Another option is for an airline to design the procedures. US Airways is developing RNP procedures in-house, using TARGETS (Terminal Area Route Generation Evaluation and Traffic Simulation) software, the same system FAA uses to design terminal airspace procedures, Thomas said. The airline is expecting RNAV RNP AR authorization from FAA on its 15 Embraer 190s and on its 216 Airbus A310s in early 2011.

The regulating agency must carry out a flight operational safety assessment (FOSA). Here, philosophical differences between EASA and FAA emerge.

Under FAA guidelines, the aircraft is required to obtain basic equipment certification and validation, Sheffield said. The operator and national authority then carry out the operational aspects according to the specifics of each approach, demonstrating the flyability of the procedures, the FOSA. The pilot can be part of the equation and is then required to demonstrate the ability to fly the aircraft to a given level of performance.

According to Sheffield, EASA’s philosophy emphasizes the manufacturer’s role in demonstrating the aircraft’s capability to execute RNP operations. The national aviation authority can rely on the EASA certification in performing the FOSA. The emphasis is on ensuring pilot workload remains consistent and comfortable, enabling pilots to concentrate on monitoring the approach.

The EASA philosophy requires the aircraft manufacturer, in this case, Airbus, to certify aircraft for all known conditions. “As a result, Airbus has had to take the most stringent procedures and demonstrate that the aircraft is able to fly the procedure in the most constraining cases,” said Sheffield.

Aircraft manufacturers work with regulatory authorities to build training programs. Airbus offers airline instructor pilots one full day of classroom training and four hours in the simulator, which includes flying a procedure specific to the carrier.
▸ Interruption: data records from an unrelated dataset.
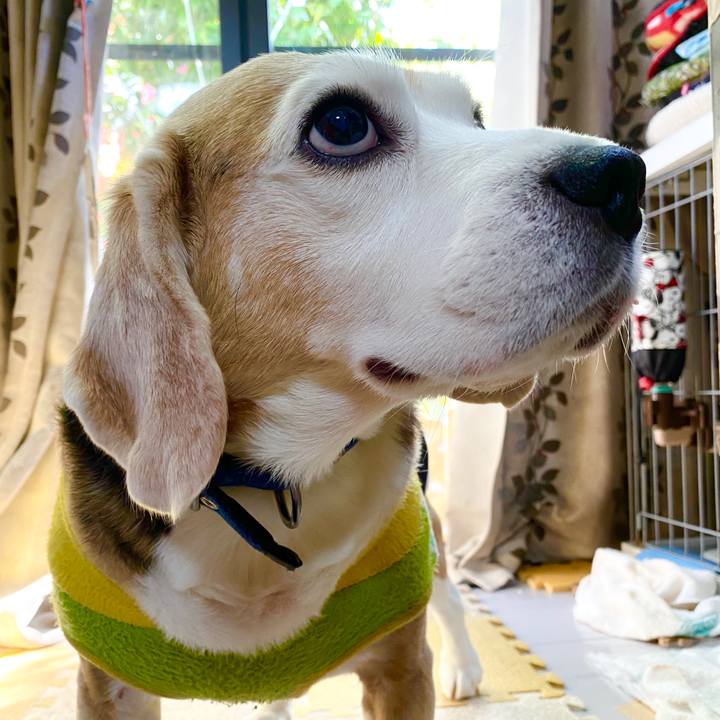 8bd9c5d6 5997 45d3 ac2d 9e28f49445cd 1587635632744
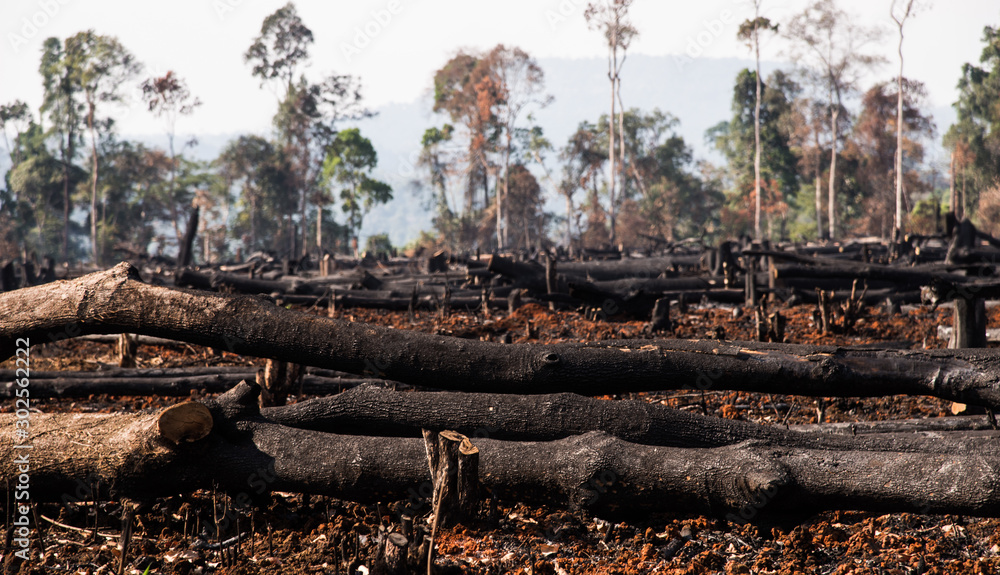 Black peaks and burns Caused by the destruction of human. Conservetive concept.select focus. Black peaks and burns Caused by the destruction of human. Conservetive concept.select focus.
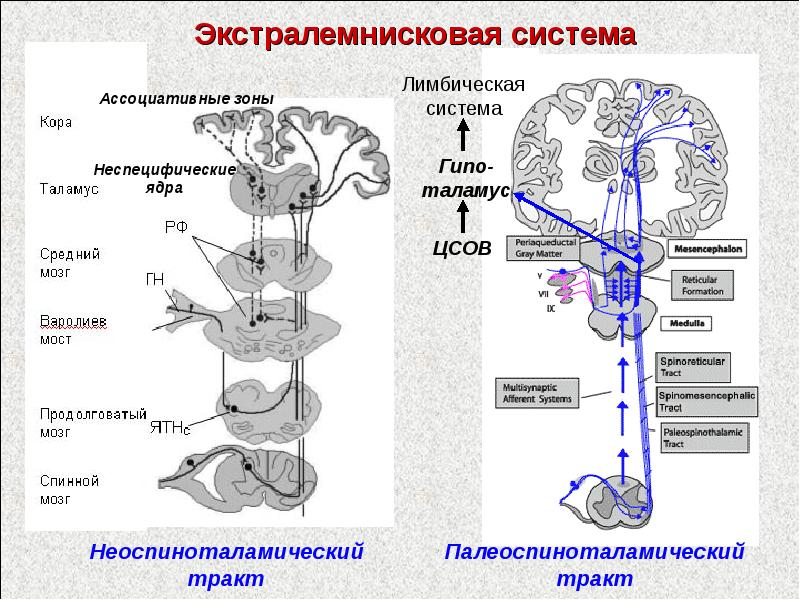 Неоспиноталамический путь схема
US Airways began offering RNP AR training in March 2009 in Qualification training and in May that year in Continuing Qualification training. Each pilot in training is required to fly at least two RNP AR approaches with RF legs (one to a landing and one to a missed approach) as “pilot flying” and repeat same as the “pilot monitoring.”

Other aviation industry stakeholders require PBN training. FAA is developing courses and offers ongoing training to air-traffic controllers as NextGen technologies roll out, said Steinbicker. With RNP, for example, controllers must learn how to safely separate RNP traffic operating on precise trajectories from “normal” traffic flying traditional paths.

Inspectors responsible for approving FOSAs also require training. Steinbicker said FAA is working to build expertise by assigning expert staff at the regional level.

National authorities worldwide have varying levels of experience with emerging PBN operations, Sheffield said. The common reaction from regulators of smaller countries who are suddenly faced with requests for RNP AR approvals, he said, is: “You want to fly down mountainous terrain in bad weather? And you want me to sign off on this?”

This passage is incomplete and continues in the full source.